I have been reading on recurrence relations and I have seen that some of them are really easy to solve, for example:
$$a_{n+1}=a_n^2$$
Starting from $n=0$ and substituting yields a pattern that is simple enough to take advantage of, after a proof by induction we get $a_n=a_0^{2^n}$. I have some problems with this method because, even though it provides an answer, this answer springs from pattern recognition and nothing else, we know nothing more about the relation or whether other solutions exist, but at least we know one solution.
The problem comes when, three strokes later, we get this:
$$a_{n+1}=a_n^2+1$$
A single one makes the problem much harder. However, I still tried to solve it and after fruitlessly attacking it with matrices, integrals, derivatives, polynomial expansions and more pattern recognition, I tried a new method:
We set $a_n=f(n)$ such that $f(n)^2+1=f(n+1)$. To find an expression for $f(n)$ we note that $a_{n+1}-a_n^2=1$.
Assume we have a solution $(a_1,a_0)$, then $$(\sqrt{a_1}+a_0)^{g(n)}(\sqrt{a_1}-a_0)^{g(n)}=1^{g(n)}=(\sqrt{a_{n+1}}+a_n)(\sqrt{a_{n+1}}-a_n)$$
Equating coefficients and solving the system of two equations in two unknowns yields $$a_{n+1}=\frac 14 ((\sqrt{a_{1}}+a_0)^N+(\sqrt{a_{1}}-a_0)^N)^2$$ $$a_{n}=\frac 12 ((\sqrt{a_{1}}+a_0)^N-(\sqrt{a_{1}}-a_0)^N)$$ Where $N=g(n)$. We can check that these expressions satisfy the original equation but I do not know how to proceed from here. I noticed, however, that if we define $h(N)$ to be equal to the square root of the expression for $a_{n+1}$ we have $h(N)^2=\frac {h(2N)+1}{2}$. If we use the ansatz $g(n)=2^n$ then $2h(n)^2-1=h(n+1)$ which is extremely close to the function I was searching for. Furthermore, we can set $$f(n)=A(\sqrt{a_{1}}+a_0)^{2^n}+A(\sqrt{a_{1}}-a_0)^{2^n}$$ Which gives $f(n)^2-2A^2=Af(n+1)$. In some way, the above approach solved an equation similar to the one I wanted to solve.
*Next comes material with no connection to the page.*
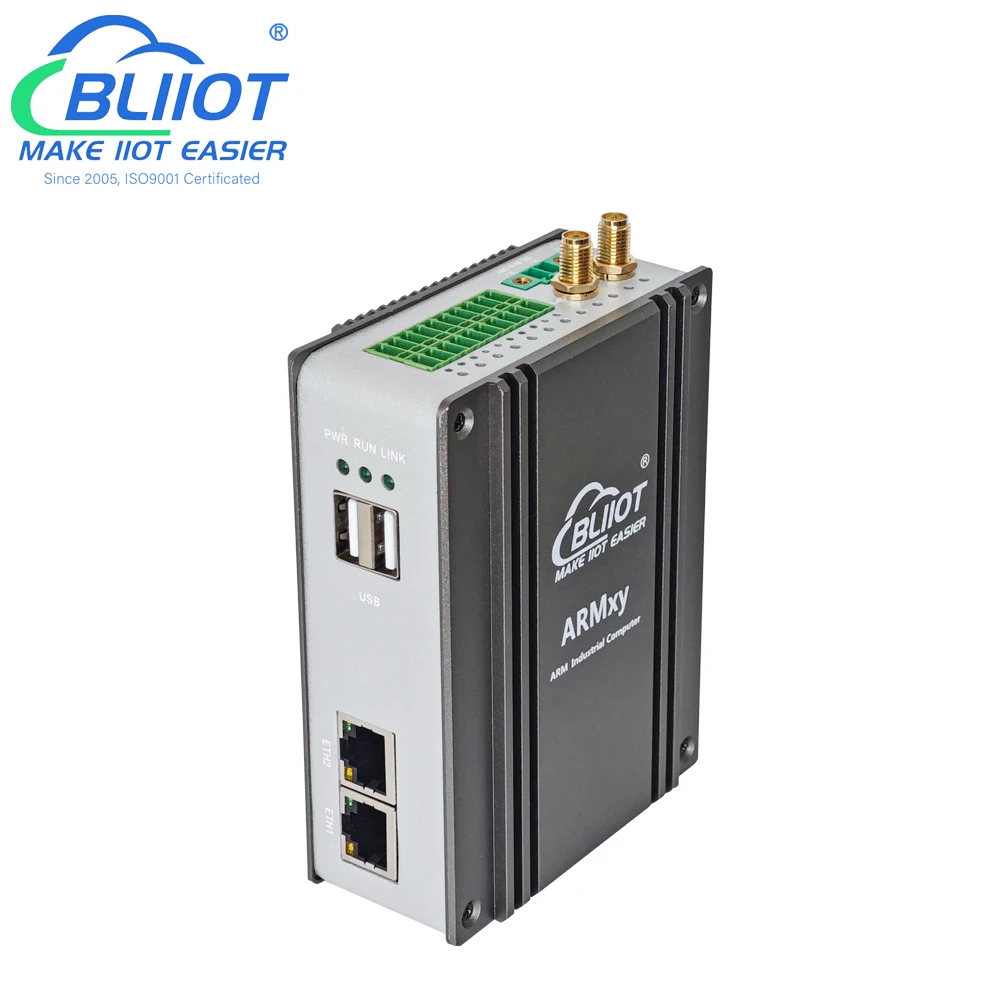 ARMxy BL340 T507-H 4xA53 1.4GHz Embedded ARM Computer with Ubuntu Linux Flexible SOM 2xETH Mini PCIe for IoT Edge Computing
ARMxy BL340 T507-H 4xA53 1.4GHz Embedded ARM Computer with Ubuntu Linux Flexible SOM 2xETH Mini PCIe for IoT Edge Computing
My question is twofold: "Why did I end up solving a different yet similar equation?" And "Although this approach has many holes here and there (e.g. Justifying the replacement of $1/2$ with $A$, finding $g(n)$ without using an ansatz, adjusting the values of $a_1, a_0$ for different recurrence relations, etc.) is it still a promising approach?"